Vida digital
Dentre as muitas coisas intrigantes, poucas há tão misteriosas quanto o tempo. A ironia é que mal nos damos conta
disso. Estando desde o nascimento submetidos a uma mesma noção de tempo, aceita por todos a nossa volta,
tendemos a achar que ela é a única que corresponde à realidade. Causa um grande choque saber que outras culturas
têm formas diferentes de perceber o tempo e de representar o curso da história. Ainda assim, acreditamos que elas
estão erradas e nós, certos. Ledo engano.

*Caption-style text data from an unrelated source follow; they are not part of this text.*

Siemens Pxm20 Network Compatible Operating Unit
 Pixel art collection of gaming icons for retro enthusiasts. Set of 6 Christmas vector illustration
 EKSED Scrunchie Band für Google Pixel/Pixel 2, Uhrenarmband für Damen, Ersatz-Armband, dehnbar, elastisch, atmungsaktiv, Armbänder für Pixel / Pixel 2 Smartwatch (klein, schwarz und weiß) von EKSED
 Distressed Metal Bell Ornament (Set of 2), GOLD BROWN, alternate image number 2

Historicamente, o tempo foi percebido de formas diferentes. Os gregos antigos tinham uma noção cíclica do
tempo. Para eles, o tempo se iniciava com as prodigiosas eras de ouro e dos deuses, declinando depois, até chegar à
crise final com a fraqueza e penúria da era dos homens, quando, então, se reiniciava o ciclo. Para os romanos, o tempo
se enfraquecia na medida em que se afastava do mais sagrado dos eventos: a fundação de Roma. Na Idade Média,
prevalecia o tempo recursivo, pelo qual os cristãos acreditavam percorrer uma via penitencial, desde a expulsão do
Jardim do Éden até o retorno ao Paraíso.
Foi só com a consolidação do capitalismo, a partir do Renascimento, que passou a prevalecer uma noção de tempo
quantitativo, dividido em unidades idênticas e vazias de qualquer conteúdo mítico, cujo símbolo máximo foi o relógio
mecânico, com seu incansável tic‐tac. Essa foi também a época em que a ciência e a técnica se tornaram
preponderantes. Nesse contexto, o maior dos cientistas modernos, Sir. Isaac Newton, formalizou o conceito de tempo
como sendo absoluto. Como pertencemos a esse tempo moderno, é ele que apreendemos, em casa, na escola e nos
relógios ao redor. E achamos, como Newton, que ele é o único verdadeiro!
Mas o mundo moderno foi‐se complicando, e esse conceito fixo e fechado se tornou cada vez menos satisfatório.
De fato, o amplo conhecimento de outras culturas e as grandes transformações científicas forçaram a admitir que cada
povo cria as noções de tempo que correspondam às suas formas e necessidades de vida.
O que é claro, no caso da cultura moderna, é que nossa percepção de tempo ficou coligada ao desenvolvimento
tecnológico. Assim, dos moinhos de vento às caravelas, às ferrovias, aos veículos automotores, aos transatlânticos, aos
aviões, ao cinema, ao rádio, e à tevê, sentimos um efeito de aceleração permanente. O último e mais dramático
episódio nesta saga da aceleração foi assinalado pela Revolução da microeletrônica, a partir dos anos 70. Num repente,
fomos invadidos por inúmeros prodígios técnicos: fax, bips, PCs, celulares, TVs a cabo, modems, e‐mail... O aparato
digital entrava em cena, em toda a sua multiplicidade de recursos.
Tudo parece convergir para tornar as comunicações mais rápidas, o trabalho mais produtivo, a vida mais fácil e
para configurar uma nova concepção de tempo: um tempo extremamente célere, controlado, agora, pelo homem e
suas tecnologias digitais.
(Nicolau Sevcenko. IstoÉ, Edição especial. Vida digital, 1999. Adaptado.)